Minimal Active GHRH Domain Structure-Activity Research — Sermorelin Acetate’s GHRH(1-29)NH₂ sequence defines the minimal biologically active GHRH domain — establishing through its clinical and pre-clinical validation that 29 residues are sufficient for full GHRHR biological activity. Research has used Sermorelin Acetate in structure-activity relationship studies examining the pharmacological contributions of individual GHRH residues to receptor binding and signal transduction — characterising position-specific alanine scanning mutagenesis effects on GHRHR activation, the pharmacophore requirements of the GHRH N-terminal region including Tyr1, Ala2, Asp3, and Phe6 critical contact residues, and the C-terminal amide contribution to receptor binding affinity. These SAR studies establish Sermorelin Acetate as the minimal active GHRH domain reference providing the pharmacophore foundation for understanding GHRH analogue design.

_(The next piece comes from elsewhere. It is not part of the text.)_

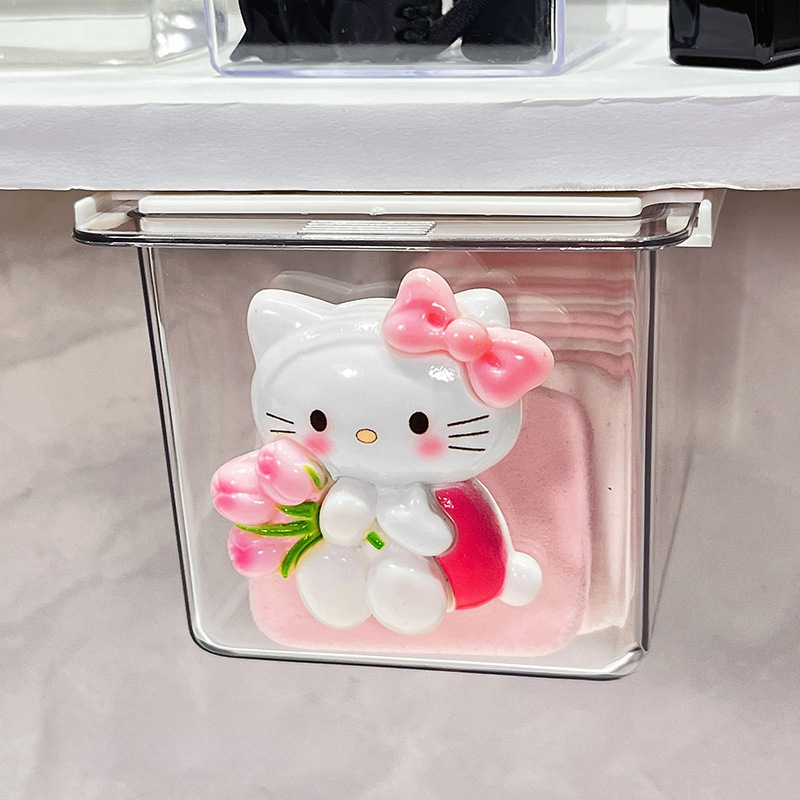 Zem spoguļa atvilktņu uzglabāšanas kārba – jauks karikatūru dizains vannas istabai, plastmasa, putekļu aizsardzība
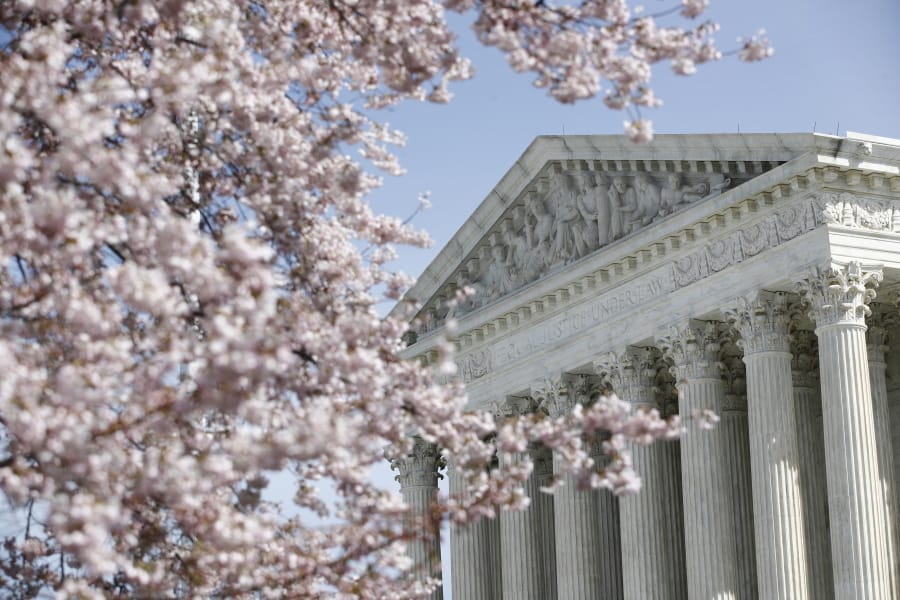 FILE - In this March 16, 2020, file photo, a tree blooms outside the Supreme Court in Washington. The Supreme Court ruled Thursday, April 23, that sewage plants and other industries cannot avoid environmental requirements under landmark clean-water protections when they send dirty water on an indirect route to rivers, oceans and other navigable waterways.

DPP-IV Lability and GHRH Analogue Stability Comparative Research — Sermorelin Acetate’s native Tyr1-Ala2 N-terminal dipeptide is the primary DPP-IV cleavage site — producing rapid in vivo degradation to the inactive Ser3-Arg29 fragment within approximately 10–12 minutes of administration. Research uses Sermorelin Acetate as the DPP-IV-labile native-sequence reference in comparative pharmacokinetic studies examining DPP-IV resistance engineering strategies — characterising the half-life extension achieved by Ala8 substitution in Modified GRF(1-29), trans-3-hexenoic acid N-terminal conjugation in Tesamorelin, and DAC albumin conjugation in CJC-1295 With DAC relative to Sermorelin’s native-sequence DPP-IV lability baseline. These comparative stability studies use Sermorelin Acetate to establish the pharmacokinetic cost of native GHRH sequence preservation and the half-life extension magnitude achieved by each distinct stability engineering approach.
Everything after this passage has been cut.